Friday, April 9, 2010

Mardin




Growing up as a Catholic who went to parochial school, studying about Mesopotamia and the Tigris River evoked a sense of wonder and mystery within me. They were far away places that I never dreamed I would lay my eyes on. Upon seeing the two for the first time recently, I have to say that they were as magical as I always wondered them to be.

This spring break we hopped on a plane, rented a car and traveled to a small town, perched atop a hillside in southeastern Turkey. We were closer to Syria and Iraq then we were to home, and it was fabulous. It was like being in another country at times, for one, when strolling through the narrow streets and markets, which are different than anything I had ever seen before, you do not hear Turkish as Kurdish and Syriani are the lingua franca there, though everybody speaks Turkish as a third language. The monasteries, churches and countryside in and around Mardin are spectacular. Looking at the city from the yeni yol (the new road below, Mardin is built on a hillside) is like looking at a Turkish carpet; your eyes are continually drawn to the many textures of the city, each time seeing a new building or detail on a window that you hadn't seen before. There we saw churches, monasteries, mosques, ancient buildings, vibrant life, poverty, wealth, serenity, life.

Another highlight was the kebap joint we frequented three nights out of five. Koray's keen "where the locals eat" radar quickly picked up on this unassuming hot spot, named Rido, and we quickly became friendly with the waiters and cooks and enjoyed the tastiest kebaps this side of the Tigris. Served with a simple salad of tomatoes, cucumbers, onions, sumac, a drizzle of olive oil and a heaping amount of flat bread, we were in lamb fat heaven. The other tasty spot was the Cercis Murat Konagi a restaurant run by a woman from Mardin, and the only licensed restaurant in town. Here they serve up a more fancy fare that we didn't find anywhere else in Mardin or the surrounding cities. I am not sure what the mezzes and main courses were called, but they combine common items like eggplant, chickpeas, bulgar, pomegranate molasses, yougurt and garlic into some of the most delectable dishes of yumminess that I have ever tasted on this side of the world.


Yet another highlight was our last day. We drove around the Tur Abdin plateau in search of ancient monasteries tucked away in tiny villages. The last stop was the most amazing, the Meryem Ana, Mother Mary church, built at the beginning of the calendar. The "dirt rain" was looming in the distance, carrying sands from the deserts, giving a apocalyptic glow to the seemingly deserted space.

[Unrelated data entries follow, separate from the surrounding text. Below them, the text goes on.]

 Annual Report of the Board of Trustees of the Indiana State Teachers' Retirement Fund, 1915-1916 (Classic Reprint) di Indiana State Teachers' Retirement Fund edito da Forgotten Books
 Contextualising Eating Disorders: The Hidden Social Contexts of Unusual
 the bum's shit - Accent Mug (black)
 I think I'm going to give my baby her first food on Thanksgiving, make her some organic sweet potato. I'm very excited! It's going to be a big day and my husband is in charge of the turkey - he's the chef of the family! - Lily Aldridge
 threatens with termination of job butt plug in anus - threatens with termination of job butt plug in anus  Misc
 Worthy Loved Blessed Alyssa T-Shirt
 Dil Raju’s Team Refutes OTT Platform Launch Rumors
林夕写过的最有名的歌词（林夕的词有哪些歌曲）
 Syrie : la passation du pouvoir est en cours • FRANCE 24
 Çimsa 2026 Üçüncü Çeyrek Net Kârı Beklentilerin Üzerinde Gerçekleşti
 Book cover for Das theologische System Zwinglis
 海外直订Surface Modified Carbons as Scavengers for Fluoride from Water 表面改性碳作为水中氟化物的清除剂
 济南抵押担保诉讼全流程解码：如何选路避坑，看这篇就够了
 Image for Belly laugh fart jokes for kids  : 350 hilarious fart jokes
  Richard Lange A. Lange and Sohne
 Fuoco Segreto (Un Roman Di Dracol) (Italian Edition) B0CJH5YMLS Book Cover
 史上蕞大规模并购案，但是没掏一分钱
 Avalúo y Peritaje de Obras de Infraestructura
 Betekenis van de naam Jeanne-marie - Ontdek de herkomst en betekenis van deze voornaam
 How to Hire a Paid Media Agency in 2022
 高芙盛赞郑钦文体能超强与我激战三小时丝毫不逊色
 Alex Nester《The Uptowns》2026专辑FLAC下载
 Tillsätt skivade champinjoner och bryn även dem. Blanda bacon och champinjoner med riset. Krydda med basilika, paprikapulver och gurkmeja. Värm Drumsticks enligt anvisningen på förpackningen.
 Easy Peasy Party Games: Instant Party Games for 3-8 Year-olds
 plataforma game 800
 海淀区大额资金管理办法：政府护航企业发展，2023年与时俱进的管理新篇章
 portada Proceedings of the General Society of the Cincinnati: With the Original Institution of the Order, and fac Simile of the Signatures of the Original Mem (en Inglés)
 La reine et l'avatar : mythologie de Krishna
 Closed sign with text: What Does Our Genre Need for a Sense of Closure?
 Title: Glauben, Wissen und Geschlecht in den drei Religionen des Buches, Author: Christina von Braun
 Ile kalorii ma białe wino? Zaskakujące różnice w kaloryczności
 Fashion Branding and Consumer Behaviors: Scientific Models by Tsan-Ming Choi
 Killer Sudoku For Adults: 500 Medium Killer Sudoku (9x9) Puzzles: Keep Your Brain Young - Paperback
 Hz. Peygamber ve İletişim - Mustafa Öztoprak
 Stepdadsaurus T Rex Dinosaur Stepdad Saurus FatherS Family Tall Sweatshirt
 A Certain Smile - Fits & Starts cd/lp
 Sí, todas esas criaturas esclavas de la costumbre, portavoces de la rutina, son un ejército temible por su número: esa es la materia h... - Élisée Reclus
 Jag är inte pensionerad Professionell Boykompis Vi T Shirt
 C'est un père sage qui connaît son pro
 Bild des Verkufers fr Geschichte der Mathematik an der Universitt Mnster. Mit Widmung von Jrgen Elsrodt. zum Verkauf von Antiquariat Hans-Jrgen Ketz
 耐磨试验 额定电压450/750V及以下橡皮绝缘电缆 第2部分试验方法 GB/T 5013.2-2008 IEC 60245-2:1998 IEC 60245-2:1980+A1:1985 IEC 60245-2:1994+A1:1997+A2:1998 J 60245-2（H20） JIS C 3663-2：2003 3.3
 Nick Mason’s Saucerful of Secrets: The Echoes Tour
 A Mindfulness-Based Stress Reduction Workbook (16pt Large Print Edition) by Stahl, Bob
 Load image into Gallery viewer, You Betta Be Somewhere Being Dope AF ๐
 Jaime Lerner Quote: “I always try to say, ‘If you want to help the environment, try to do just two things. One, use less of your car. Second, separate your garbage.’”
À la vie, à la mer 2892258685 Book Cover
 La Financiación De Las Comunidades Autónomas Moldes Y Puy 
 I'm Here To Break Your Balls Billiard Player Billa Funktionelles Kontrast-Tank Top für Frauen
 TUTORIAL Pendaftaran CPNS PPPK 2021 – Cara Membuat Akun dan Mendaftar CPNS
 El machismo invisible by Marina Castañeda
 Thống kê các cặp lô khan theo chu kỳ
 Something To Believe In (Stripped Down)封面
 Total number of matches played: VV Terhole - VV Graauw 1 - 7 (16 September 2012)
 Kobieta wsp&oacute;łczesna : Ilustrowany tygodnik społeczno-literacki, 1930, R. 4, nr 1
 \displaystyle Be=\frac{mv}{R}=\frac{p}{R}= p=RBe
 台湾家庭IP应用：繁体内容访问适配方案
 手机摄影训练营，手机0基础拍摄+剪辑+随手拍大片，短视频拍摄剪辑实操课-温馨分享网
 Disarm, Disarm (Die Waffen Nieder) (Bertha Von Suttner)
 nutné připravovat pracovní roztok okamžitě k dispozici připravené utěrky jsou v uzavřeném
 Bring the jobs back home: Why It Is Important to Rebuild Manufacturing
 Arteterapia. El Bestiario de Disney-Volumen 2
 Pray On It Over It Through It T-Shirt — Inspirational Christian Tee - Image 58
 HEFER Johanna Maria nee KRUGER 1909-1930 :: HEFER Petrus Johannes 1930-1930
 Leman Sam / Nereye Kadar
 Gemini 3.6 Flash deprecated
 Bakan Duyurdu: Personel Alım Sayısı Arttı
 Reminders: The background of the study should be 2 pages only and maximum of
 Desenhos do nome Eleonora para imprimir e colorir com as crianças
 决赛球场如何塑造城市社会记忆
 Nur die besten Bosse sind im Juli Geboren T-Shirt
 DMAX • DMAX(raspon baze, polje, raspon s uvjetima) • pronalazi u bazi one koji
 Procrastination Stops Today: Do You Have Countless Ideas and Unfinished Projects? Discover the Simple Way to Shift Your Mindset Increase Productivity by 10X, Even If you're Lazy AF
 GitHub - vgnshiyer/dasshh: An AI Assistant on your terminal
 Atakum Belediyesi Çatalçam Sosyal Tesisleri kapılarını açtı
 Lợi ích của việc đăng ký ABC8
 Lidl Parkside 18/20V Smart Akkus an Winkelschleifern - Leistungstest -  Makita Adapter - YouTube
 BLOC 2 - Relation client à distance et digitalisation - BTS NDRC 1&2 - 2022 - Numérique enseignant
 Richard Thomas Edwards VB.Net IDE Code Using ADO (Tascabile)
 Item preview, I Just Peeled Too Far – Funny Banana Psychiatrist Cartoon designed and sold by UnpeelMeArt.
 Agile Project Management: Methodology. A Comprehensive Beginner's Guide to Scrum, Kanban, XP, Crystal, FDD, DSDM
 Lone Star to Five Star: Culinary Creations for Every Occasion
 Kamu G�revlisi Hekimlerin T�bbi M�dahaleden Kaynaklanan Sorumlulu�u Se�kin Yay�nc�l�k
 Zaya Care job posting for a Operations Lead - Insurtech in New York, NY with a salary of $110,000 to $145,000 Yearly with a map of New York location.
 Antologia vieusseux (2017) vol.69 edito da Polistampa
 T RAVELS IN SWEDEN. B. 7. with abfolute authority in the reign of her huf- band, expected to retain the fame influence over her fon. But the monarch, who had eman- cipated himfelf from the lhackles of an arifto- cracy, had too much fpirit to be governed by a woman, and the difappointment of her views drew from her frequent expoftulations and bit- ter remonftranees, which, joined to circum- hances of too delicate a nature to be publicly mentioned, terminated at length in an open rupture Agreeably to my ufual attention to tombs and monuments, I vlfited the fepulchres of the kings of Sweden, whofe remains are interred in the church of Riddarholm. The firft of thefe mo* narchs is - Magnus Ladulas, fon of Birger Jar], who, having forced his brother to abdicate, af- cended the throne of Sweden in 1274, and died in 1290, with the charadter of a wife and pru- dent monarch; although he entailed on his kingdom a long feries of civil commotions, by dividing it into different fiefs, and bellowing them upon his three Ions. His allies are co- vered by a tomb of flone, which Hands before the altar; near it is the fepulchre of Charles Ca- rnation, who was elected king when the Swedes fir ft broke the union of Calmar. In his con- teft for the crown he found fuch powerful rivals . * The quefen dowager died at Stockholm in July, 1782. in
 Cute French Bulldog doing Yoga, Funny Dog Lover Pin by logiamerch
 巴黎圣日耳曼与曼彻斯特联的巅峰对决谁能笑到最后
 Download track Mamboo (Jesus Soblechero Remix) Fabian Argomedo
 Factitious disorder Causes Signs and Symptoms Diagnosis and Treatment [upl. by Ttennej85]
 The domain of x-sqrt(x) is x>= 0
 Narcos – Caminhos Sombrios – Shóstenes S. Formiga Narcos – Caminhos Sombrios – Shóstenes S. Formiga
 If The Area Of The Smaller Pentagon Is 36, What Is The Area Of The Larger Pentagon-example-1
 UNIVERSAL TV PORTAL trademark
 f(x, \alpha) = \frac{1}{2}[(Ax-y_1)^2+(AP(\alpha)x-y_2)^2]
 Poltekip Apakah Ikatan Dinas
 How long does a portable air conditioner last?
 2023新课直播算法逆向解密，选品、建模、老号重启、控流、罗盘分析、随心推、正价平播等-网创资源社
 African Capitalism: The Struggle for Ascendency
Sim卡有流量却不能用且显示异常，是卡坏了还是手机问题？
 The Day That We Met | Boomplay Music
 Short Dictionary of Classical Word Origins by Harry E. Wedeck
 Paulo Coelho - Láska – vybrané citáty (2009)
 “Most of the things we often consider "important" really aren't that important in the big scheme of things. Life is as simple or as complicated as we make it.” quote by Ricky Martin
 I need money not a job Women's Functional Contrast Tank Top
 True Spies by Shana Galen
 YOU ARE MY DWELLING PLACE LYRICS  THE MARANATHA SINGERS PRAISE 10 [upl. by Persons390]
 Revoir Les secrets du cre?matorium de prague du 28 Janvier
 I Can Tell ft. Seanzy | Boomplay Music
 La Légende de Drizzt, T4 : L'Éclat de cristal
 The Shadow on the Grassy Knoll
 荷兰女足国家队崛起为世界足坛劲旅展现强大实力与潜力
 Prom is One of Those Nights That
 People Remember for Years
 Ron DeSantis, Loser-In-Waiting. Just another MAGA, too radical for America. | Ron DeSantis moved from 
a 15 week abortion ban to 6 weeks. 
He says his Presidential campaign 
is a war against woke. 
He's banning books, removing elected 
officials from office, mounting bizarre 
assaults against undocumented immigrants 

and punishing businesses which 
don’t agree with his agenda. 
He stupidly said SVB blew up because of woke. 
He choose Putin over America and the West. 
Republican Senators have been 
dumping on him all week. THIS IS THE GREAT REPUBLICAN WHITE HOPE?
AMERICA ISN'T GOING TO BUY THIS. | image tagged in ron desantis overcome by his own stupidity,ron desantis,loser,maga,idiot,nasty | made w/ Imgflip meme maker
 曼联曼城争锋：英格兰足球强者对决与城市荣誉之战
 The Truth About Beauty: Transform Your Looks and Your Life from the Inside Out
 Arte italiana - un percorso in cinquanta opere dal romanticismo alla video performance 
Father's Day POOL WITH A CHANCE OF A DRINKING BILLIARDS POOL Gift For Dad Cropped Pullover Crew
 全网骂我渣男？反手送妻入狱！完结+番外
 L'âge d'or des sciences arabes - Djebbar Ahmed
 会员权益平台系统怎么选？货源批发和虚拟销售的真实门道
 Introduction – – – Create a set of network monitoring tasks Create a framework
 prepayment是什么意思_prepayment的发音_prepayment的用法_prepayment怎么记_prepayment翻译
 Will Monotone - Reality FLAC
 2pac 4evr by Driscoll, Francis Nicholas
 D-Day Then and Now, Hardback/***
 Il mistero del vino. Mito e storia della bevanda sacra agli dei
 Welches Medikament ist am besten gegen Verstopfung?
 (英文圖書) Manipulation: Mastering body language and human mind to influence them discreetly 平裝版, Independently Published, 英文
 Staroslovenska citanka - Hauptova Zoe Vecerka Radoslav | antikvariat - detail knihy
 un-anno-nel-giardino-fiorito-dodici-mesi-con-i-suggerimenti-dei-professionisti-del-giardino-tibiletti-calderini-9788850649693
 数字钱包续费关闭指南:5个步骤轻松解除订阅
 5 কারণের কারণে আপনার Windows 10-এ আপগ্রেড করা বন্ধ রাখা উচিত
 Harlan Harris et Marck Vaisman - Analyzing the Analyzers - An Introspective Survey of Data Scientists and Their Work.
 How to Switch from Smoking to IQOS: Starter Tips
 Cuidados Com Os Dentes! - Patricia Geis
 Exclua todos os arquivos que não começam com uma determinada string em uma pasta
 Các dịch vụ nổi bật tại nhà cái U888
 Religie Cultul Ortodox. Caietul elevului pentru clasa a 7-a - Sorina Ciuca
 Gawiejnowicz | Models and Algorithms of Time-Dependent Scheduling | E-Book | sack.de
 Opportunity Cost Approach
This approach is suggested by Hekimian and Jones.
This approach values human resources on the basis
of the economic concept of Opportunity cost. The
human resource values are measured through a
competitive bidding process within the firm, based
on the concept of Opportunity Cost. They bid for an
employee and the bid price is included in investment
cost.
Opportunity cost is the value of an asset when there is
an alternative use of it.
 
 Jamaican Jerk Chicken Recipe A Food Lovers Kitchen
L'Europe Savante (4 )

Ali and Omer were fast asleep in the car, so I ran into the church through a side door, and was instantly transported 2000 years back in time. For a glorious three minutes, I stood in the courtyard in awe, without a soul around until the local "guide" came to open the church sanctuary for me to see.

Even though the town itself was wonderful and bustling, our hotel beautiful and tranquil, the food tasty and abundant, the ancient sites truly other worldly, my favorite moments were the evenings we drove up a rocky dirt road to a seemingly far away space to watch the sunset over Mesopotamia. We propped the car doors open, turned up the iPod, cracked open a couple of beers, set the boys loose and lounged around on a carpet we had bought near the Tigris. The boys frolicked like the goats and sheep in the distant hillsides, and we just were.

Maybe it is because the spring wheat was vivid and abundant, and almost everywhere we went we saw lamb in some form, be it the real thing grazing in the lushness of spring, kebaps or lamb pelts, my mind kept wandering back to my dad. As my eyes searched the vast fields we drove by on the way to another far away site, I knew my dad would be able to recognize what was growing there and I wished I could have taken pictures to show him. And I knew he would enjoy seeing the exuberant little fat tailed lambs and goat kids that dotted the hillsides and fields. This trip gave me extended moments to do a lot of thinking about this fall and winter, the time surrounding his sickness and death. It was therapeutic to let my mind wonder and meditate on these events. Our lives are so busy and full that I haven't had the chance to really think about it now that a few months have passed and life has moved on.

Our trip to Mardin was a journey on many levels, and I will carry those precious moments with me always. Mardin and the Tur Abdin plateau is an amazing area that is not to be missed.

1 comment:

  1. My favourite words: "we just were." We are looking forward to doing the same this summer.